The location was no coincidence either – Birlestik-2024 took place in  the Caspian Sea region. All five countries are part of the “Middle Corridor” transport route through the Caspian Sea connecting the region with Europe by bypassing Russia. Joint military exercises show that the Central Asian countries and Azerbaijan are seeking to resolve security issues in the region on their own.

These initiatives could have important long-term implications for strengthening regional security integration – unless a neighboring power again tries to interfere in the process. 

This has happened before. In independence, large-scale agreements were concluded among the Central Asian states, which led to the creation of integration organizations and structures in Central Asia, including the Central Asian Cooperation Organization (CACO) and the Council of Defense Ministers. However, the downside of this process was that these steps faced competition from powerful neighbors. Russia focused on promoting the Collective Security Treaty Organization (CSTO) under its control, while China concentrated on developing the Shanghai Cooperation Organization (SCO). Finally, in 2004, Russia joined CACO. As a result, a year later, in 2005, at the CACO summit in St. Petersburg, the organization disappeared, merging with a new Russian project, the Eurasian Economic Community. 

Perhaps this history is why, almost two decades, some Central Asian states are still cautious about the institutionalization of regional integration efforts. 

The creation of a regional organization may once again raise unfounded suspicions in the Kremlin and prompt efforts at involvement or interference.  However, the pressing problems in the region, such as border and territorial disputes, transport corridor security, and risks of extremism and terrorism, require urgent solutions that regional states are best equipped to pioneer. It is therefore important for countries in the Central Asian region to focus on building functional institutions of cooperation even if, for the time being, they continue to avoid institutionalization.

Astana intends to seize the present window of opportunity to launch a new cycle of regional cooperation by proposing a detailed “Central Asia – 2040” strategy at the Sixth Consultative Meeting of Central Asian Countries on August 9, 2024.

Kazakhstan seeks to build a network of bilateral and multilateral agreements with the regional states of Central Asia to consolidate and deepen relations. All these steps could lead to the strengthening of Central Asia’s international subjectivity. 

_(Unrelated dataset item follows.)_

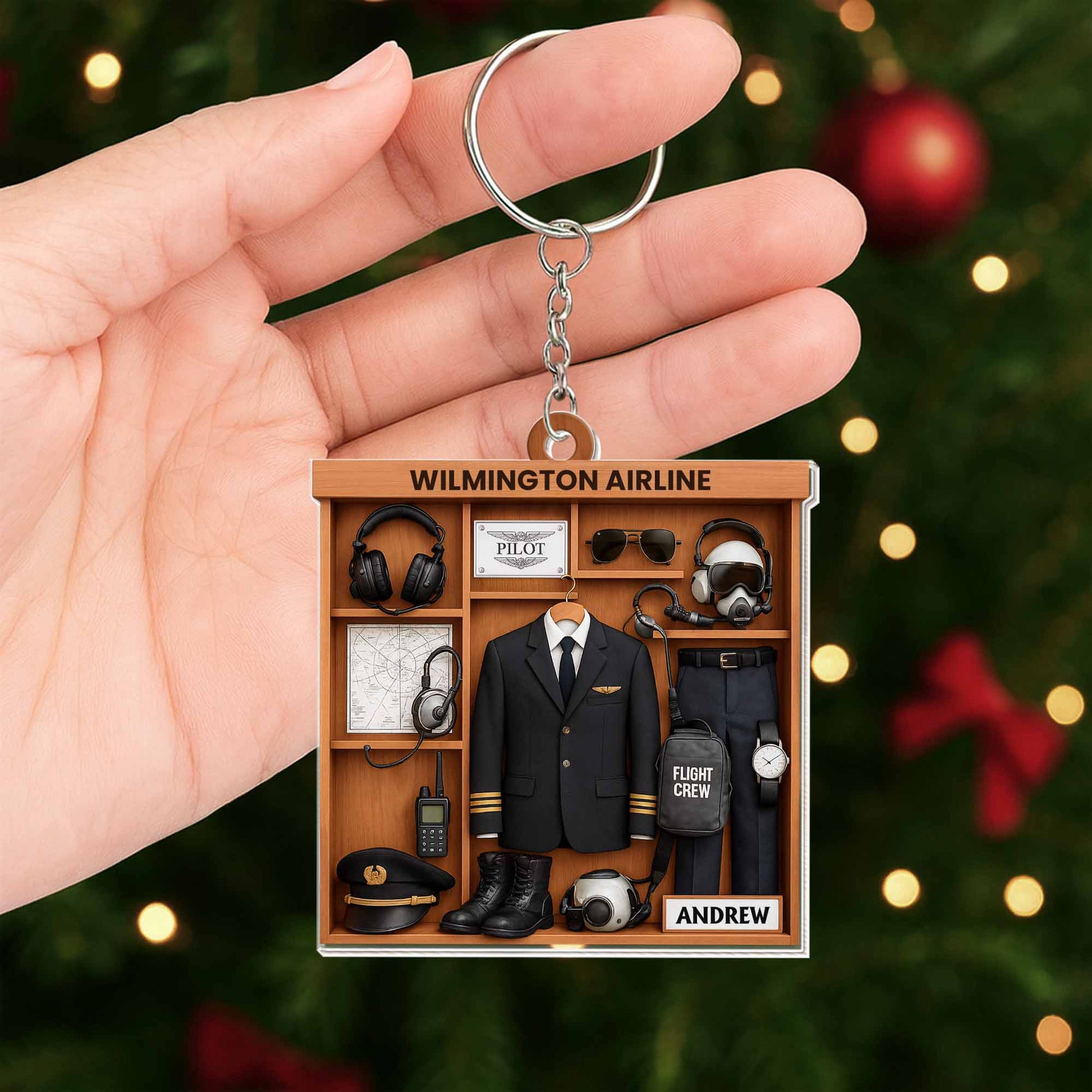 Wilmington Airline, Pilot Uniform And Accessories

In July 2022, the five Central Asian presidents considered a “Treaty of Friendship, Good Neighborliness and Cooperation for the Development of Central Asia in the 21st Century” at their summit in Kyrgyzstan, but Tajikistan and Turkmenistan refrained from signing on. 

Kazakhstan hopes at the upcoming meeting is to persuade the two to join the friendship treaty so that it can enter into force. Such a treaty would indeed be a political platform for future unification.